Globalizzati, ma molto scontenti
Confronto a Como con il sociologo Magatti

Preside all'Università Cattolica, aprirà il 15 aprile in Biblioteca comunale, il ciclo di incontri primaverili dell'associazione "Ascolto", dedicati all'etica

Al posto della classica pizza o delle carissime finte trattorie casarecce, per passare una serata con gli amici, capita di darsi appuntamento nei cosiddetti ristoranti etnici. Dal cinese, all’indiano, al siriano, al take away turco con Kepap e Falafel, al messicano dove si servono Coca Cola e birra.

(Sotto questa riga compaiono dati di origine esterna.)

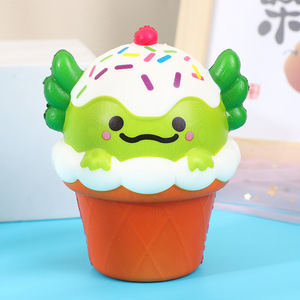 Juguete Antiestrés Creativo de Rebote Lento, Lindo Juguete Sensorial para Apretar con la Mano, Juguete para Aliviar el Estrés, Salamandra Axolotl - Product Image 3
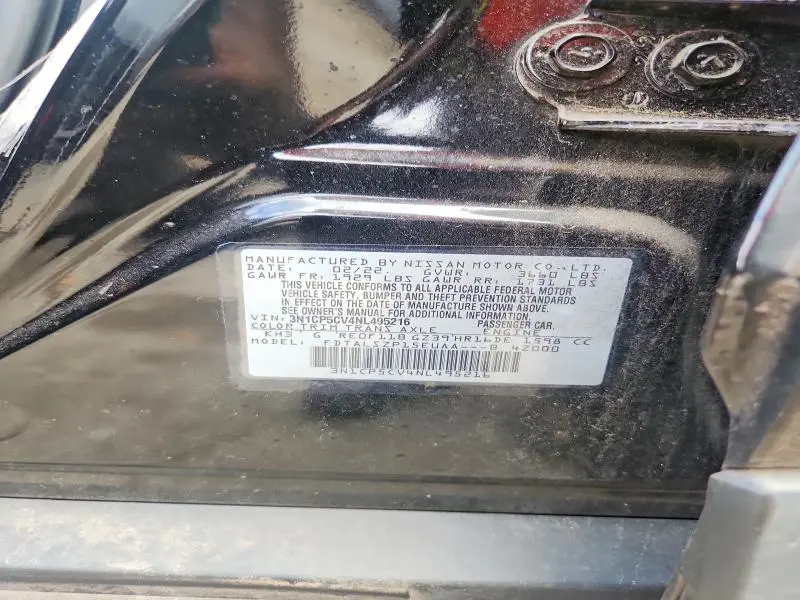2022 NISSAN KICKS SV  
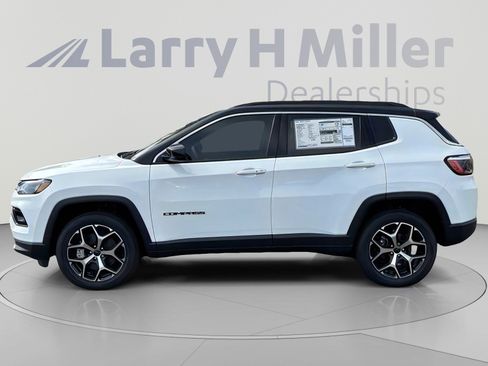New 2026 Jeep Compass Limited AWD/4WD image 3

Che la cucina sia veramente quella del Paese annunciato nell’insegna esterna è una questione aperta. Sia come sia il Chicken Tandori e i Chili con carne sono la prova più banale e prosaica che viviamo in un mondo dove tutto è disponibile ovunque. In una parola, globalizzato. L’incontro organizzato per il 15 aprile alle ore 21 alla Bibiloteca comunale di Como, in piazza Lucati, dal gruppo culturale di ispirazione cattolica «Ascolto» prende le mosse da una domanda retorica: «La globalizzazione esiste veramente?».
Ad articolare la risposta, Mauro Magatti, preside della Facoltà di Sociologia dell’Università Cattolica di Milano, studioso di queste problematiche da dieci anni, analizzate in diversi saggi. Si ricordi «L’io globale. Dinamiche della socialità contemporanea», scritto con Chiara Giaccardi (Laterza, 24 euro), «La globalizzazione non è un destino. Mutamenti strutturali ed esperienze soggettive nell’età contemporanea», sempre con Giaccardi (Laterza, 20,66 euro) e la ricerca sfociata ne «I nuovi ceti popolari. Chi ha preso il posto della classe operaia?», condotta con Mario De Benedittis (Feltrinelli, 14,40 euro).
Come recita uno dei titoli citati, per Magatti «la globalizzazione c’è ma non è una direzione: non significa creare una società più aperta e interconnessa. È bensì la rottura definitiva degli equilibri che si erano costituiti nella seconda parte del ventesimo secolo, si creano quindi delle dinamiche a noi ancora sconosciute e rispetto alle quali non abbiamo strumenti. Siamo insomma usciti da un quadro che aveva delle certezze e ci troviamo a navigare in mare aperto». Questo si traduce, nella nostra quotidianità, nell’avere una vicina di casa che indossa il velo, come pure le sue bambine, una convivenza dove sotto ribollono paure e incomprensioni. «Quando le diversità si toccano - osserva Magatti - si aprono dei problemi rispetto ai quali non si è preparati. La risposta non sta ne nel violento dire ognuno vada a casa propria ne nel semplicistico vogliamoci bene perché siamo amici. Tra le due posizioni ideologiche c’è il campo della costruzione faticosa della convivenza: richiedono limitazioni ed una concretezza storica che tolleri un grado altro di diversità e non sia il generico minestrone». Magatti, come il grande sociologo Zygmunt Bauman, vede nella paura «la tonalità emotiva di questo momento storico, segnato dall’incertezza. Fa da cassa di risonanza di una società ancora indietro rispetto alla contemporaneità che vive. Per vincere la paura bisogna investire sulle persone, educarle e prepararle. Questo è il grande fatto».